No entanto, nem todas as empresas ou países de fato reduzem suas emissões como estabelecido. Nesse caso, compram créditos de terceiros — por exemplo, iniciativas sustentáveis que bateram suas metas e tem esses “extras” para vender. Ao final, funciona como uma forma de incentivá-los a continuar poupando emissões e recompensá-los financeiramente por isso.
As emissões são contabilizadas conforme a Norma NBR ISO 14064-1 (2022) e de acordo com as diretrizes do Programa Brasileiro do GHG Protocol. Ela as divide em três grupos:
- As de Escopo 1 são as emissões geradas diretamente pelo evento;
- As de Escpo 2 são geradas pelo consumo de energia elétrica.
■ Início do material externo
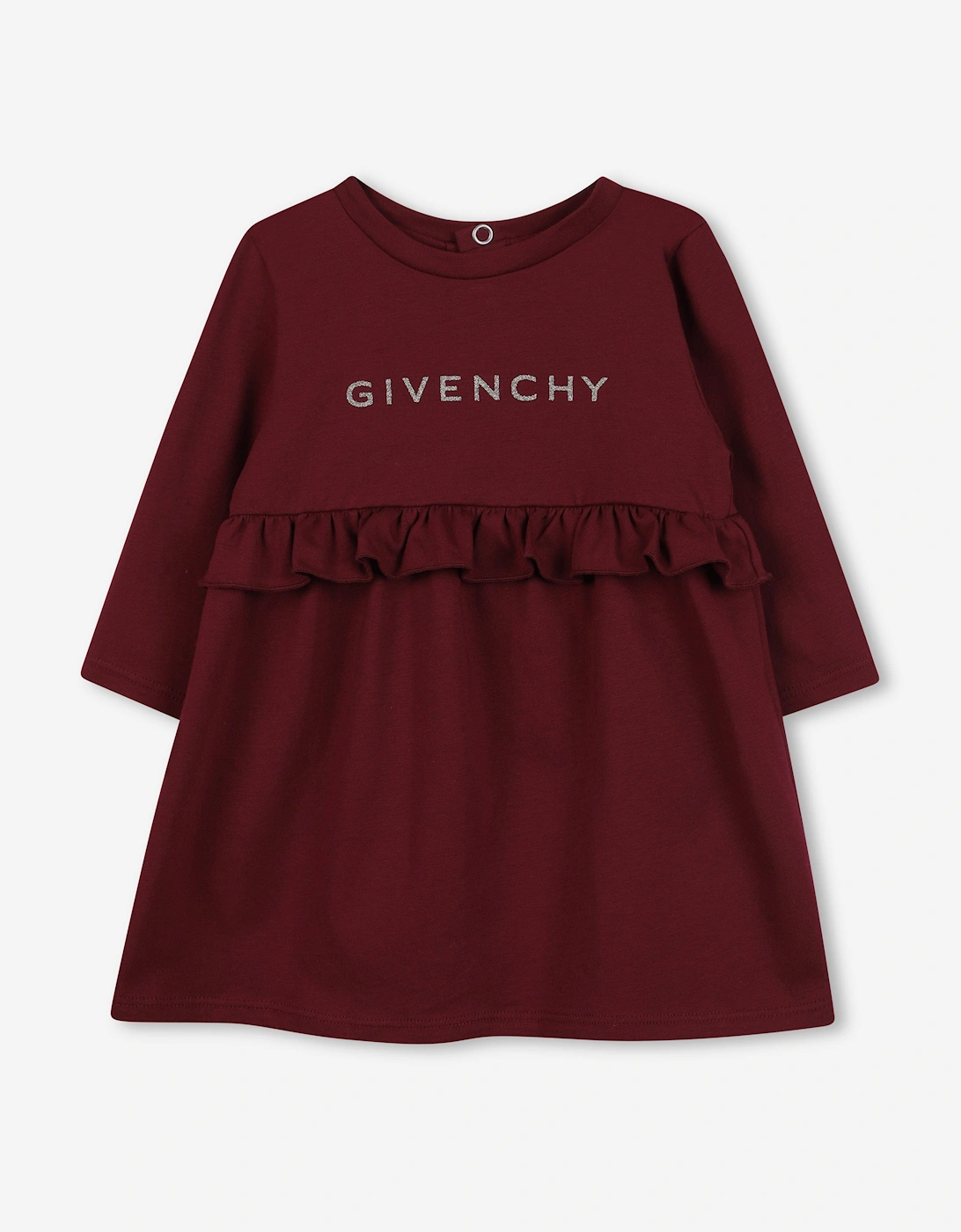 Baby Girls Logo Print Jersey Dress in Red, 5 of 4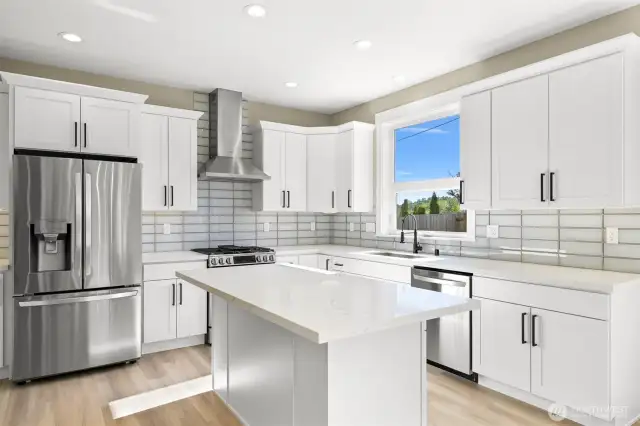 The kitchen window is west facing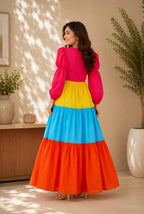 Rainbow Bloom Cotton Tiered Maxi Dress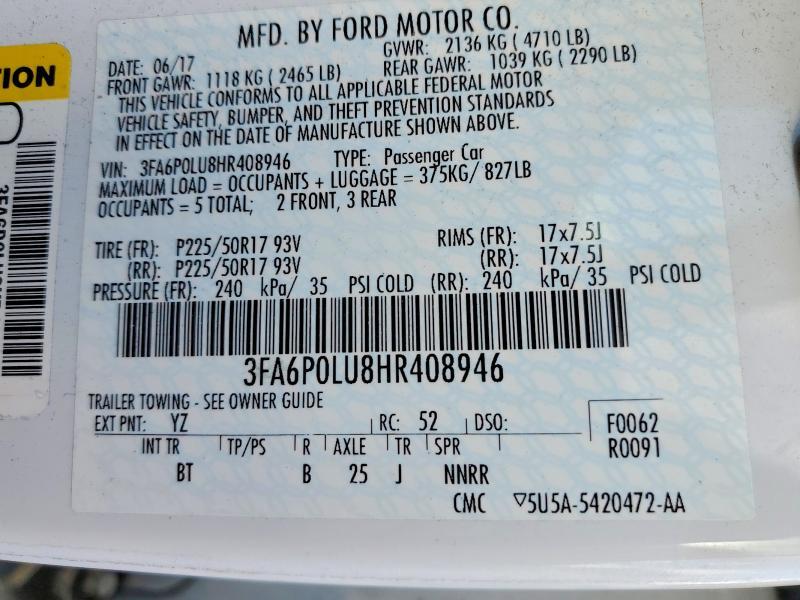 2017 Ford Fusion se Hybrid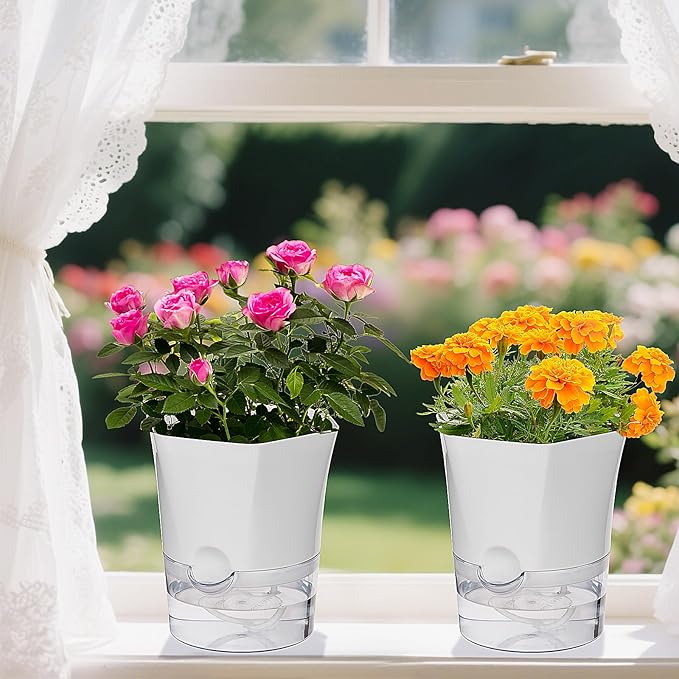 KIMCHOMERSE Self Watering Plant Pots, 6 Inch Orchid Pots, 3 Pack Flowers Pot Indoor Planter Pots with Tray for Spider Plant, Orchid, African Violet -White KIMCHOMERSE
- As de Escopo 3 incluem atividades relacionadas ao Gramado Summit, como transporte ou os resíduos do evento.

O que esperar do Gramado Summit 2024?
Para 2024, são esperados 500 palestrantes, 500 empresas expositoras e 15 mil participantes. Além dos nomes anunciados para o palco de Marketing, estão confirmados outros nomes como Marcos Piangers (Papai é Pop), Veronica Oliveira (Faxina Boa), Gilberto Silva (mentor de alta performance), Denílson Show (pentacampeão mundial), Romero Rodrigues (Headline), Natalia Beauty (NB Group), Jandaraci Araujo (Conselheira 101), Icaro de Abreu (IBM) e Yuri Mussoly (Tiktok).
Olhar Digital na Gramado Summit
O Olhar Digital vai mediar uma mesa na Gramado Summit. E o tema não poderia ser outro: inteligência artificial. Estão confirmados nossos colunistas Alvaro Machado Dias, neurocientista e futurista, e Alessandra Montini, diretora do Laboratório de Análise de Dados da Fia Business School. Outro convidado é Christiano Faig, vice-presidente de Vendas de Soluções & Tecnologia da Microsoft Brasil. A mediação será do editor executivo do Olhar Digital, Bruno Capozzi, que é jornalista e mestre em Ciências Sociais. Nossa participação no evento será no dia 11 de abril. Fique ligado em nossa cobertura!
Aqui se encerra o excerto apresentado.